GIVEN ENTRIES:
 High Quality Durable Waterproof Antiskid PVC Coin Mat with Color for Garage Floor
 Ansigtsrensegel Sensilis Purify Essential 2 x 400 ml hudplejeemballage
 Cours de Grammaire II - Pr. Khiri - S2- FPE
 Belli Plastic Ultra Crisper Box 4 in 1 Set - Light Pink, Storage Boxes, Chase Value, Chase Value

--

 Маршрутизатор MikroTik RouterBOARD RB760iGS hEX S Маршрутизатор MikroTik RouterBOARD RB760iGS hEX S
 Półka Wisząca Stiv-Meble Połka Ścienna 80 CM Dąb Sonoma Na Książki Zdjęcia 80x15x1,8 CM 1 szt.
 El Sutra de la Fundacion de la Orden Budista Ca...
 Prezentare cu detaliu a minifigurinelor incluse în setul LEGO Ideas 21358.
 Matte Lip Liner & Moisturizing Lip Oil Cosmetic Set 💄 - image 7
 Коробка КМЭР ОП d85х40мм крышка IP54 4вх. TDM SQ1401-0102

...

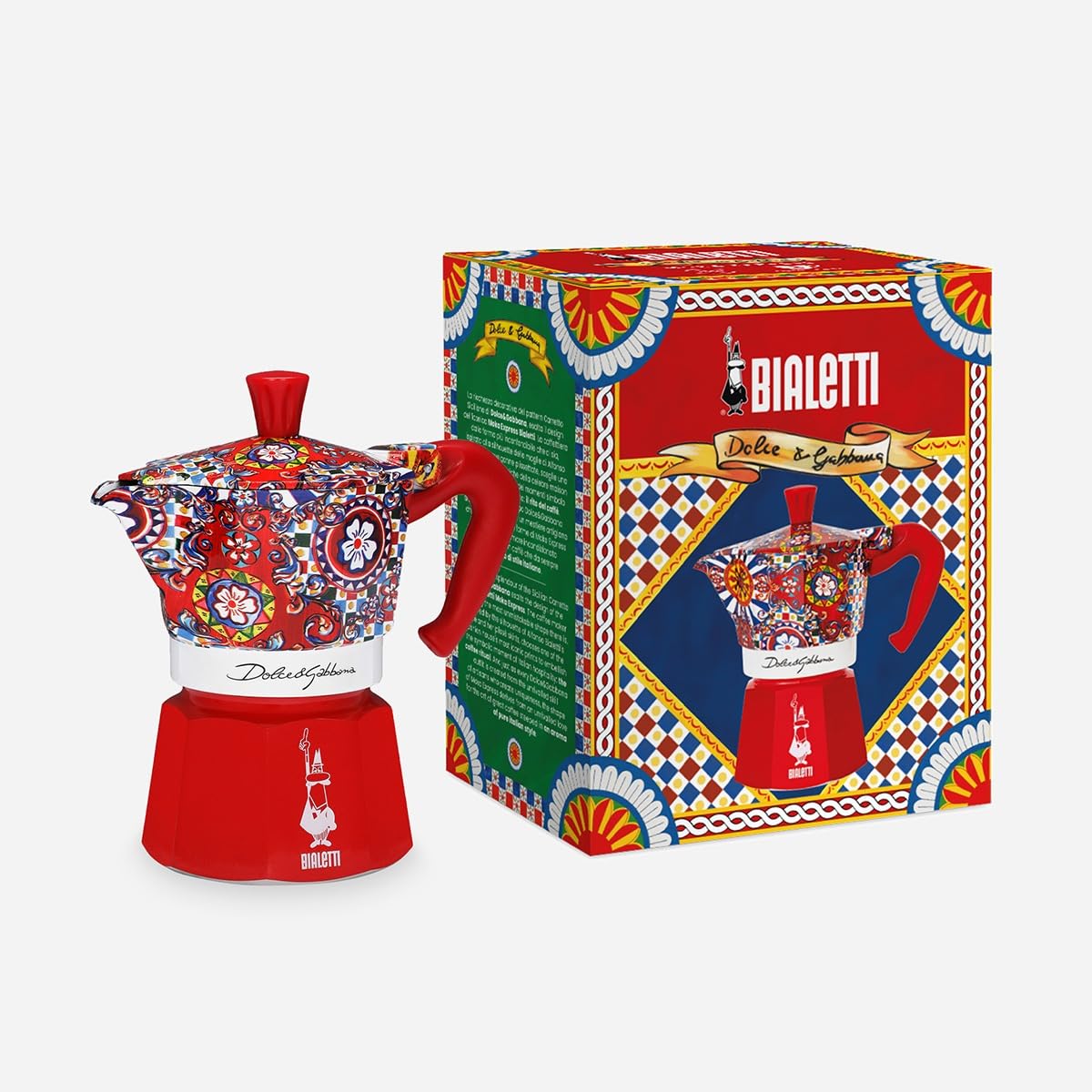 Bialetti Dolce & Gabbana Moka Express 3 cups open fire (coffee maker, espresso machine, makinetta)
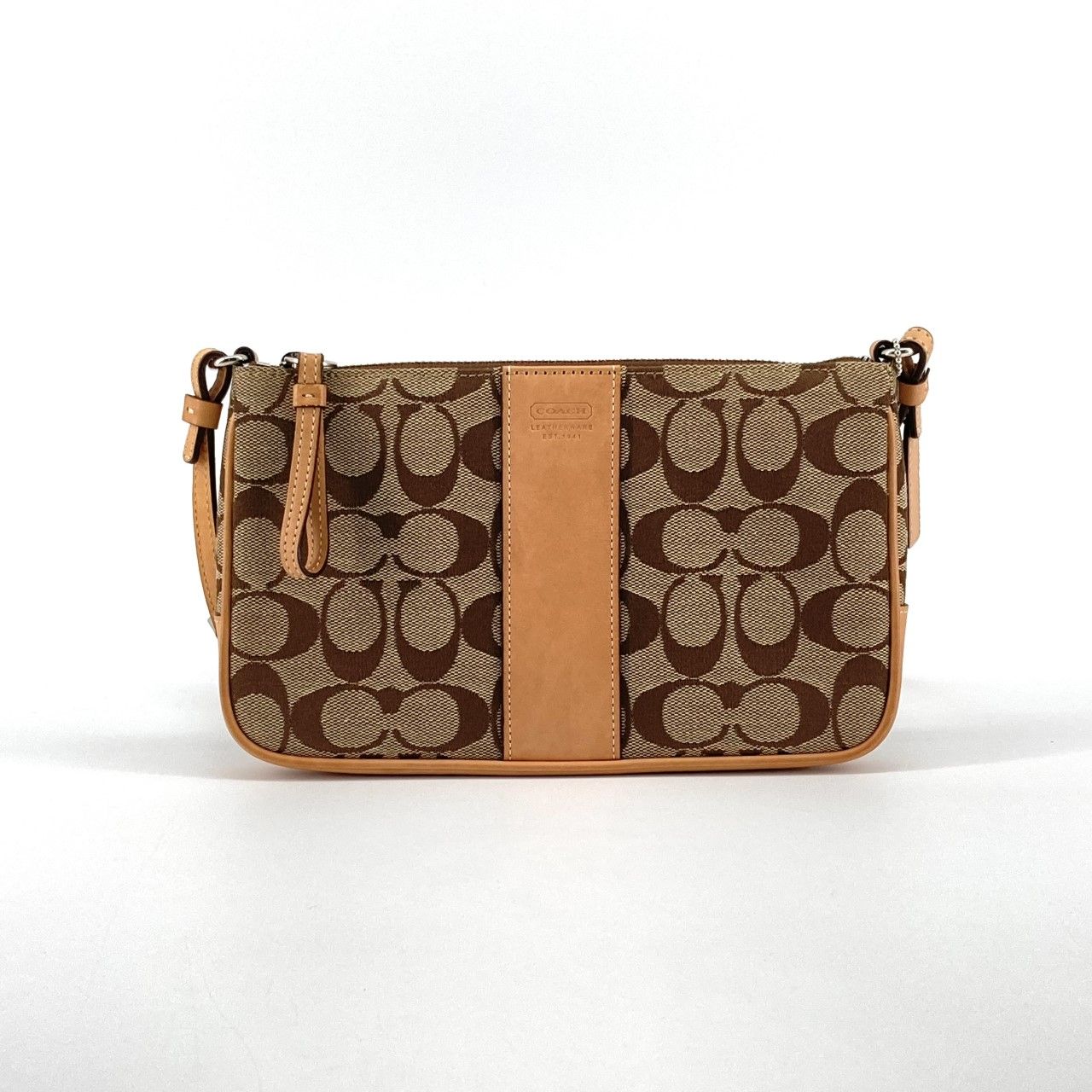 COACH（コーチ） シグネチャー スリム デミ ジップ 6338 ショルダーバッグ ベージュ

TASK STATEMENT:
Extract from the listing above the lines between the line containing "High Quality Durable" and the line containing "Belli Plastic Ultra", keeping both of those lines. Output nothing else.

RESPONSE:
 High Quality Durable Waterproof Antiskid PVC Coin Mat with Color for Garage Floor
 Ansigtsrensegel Sensilis Purify Essential 2 x 400 ml hudplejeemballage
 Cours de Grammaire II - Pr. Khiri - S2- FPE
 Belli Plastic Ultra Crisper Box 4 in 1 Set - Light Pink, Storage Boxes, Chase Value, Chase Value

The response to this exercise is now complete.